**ABOUT THIS EXERCISE**:
Restate the data word for word and leave the images out.

**DATA SEGMENT**:
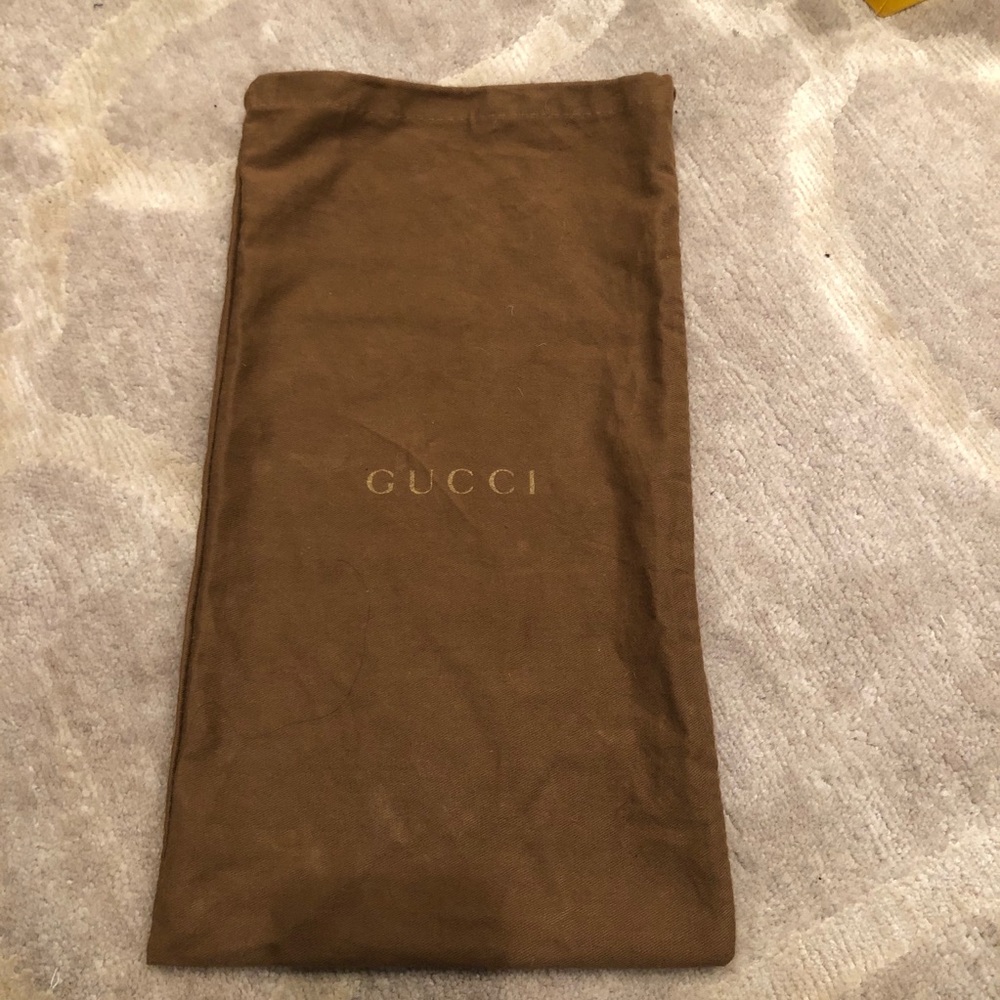 Gucci Dustbag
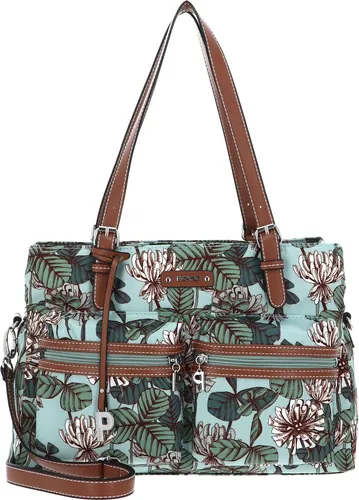 Picard Schultertasche Shopper M in türkis von Picard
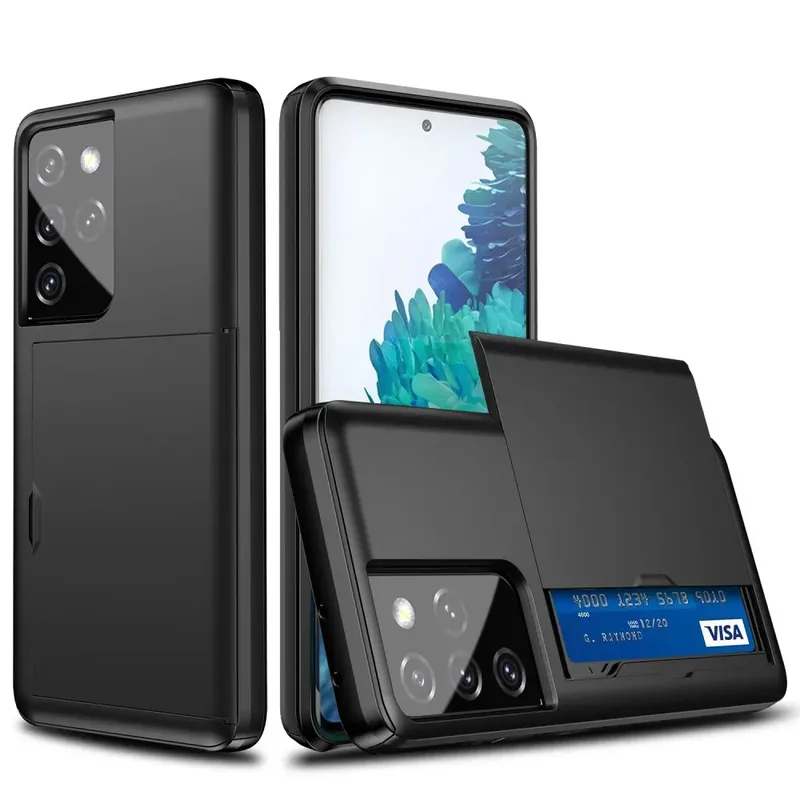 HONLEN skal för Samsung Galaxy S21 Ultra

**YOUR SOLUTION**:
 Gucci Dustbag
 Picard Schultertasche Shopper M in türkis von Picard
 HONLEN skal för Samsung Galaxy S21 Ultra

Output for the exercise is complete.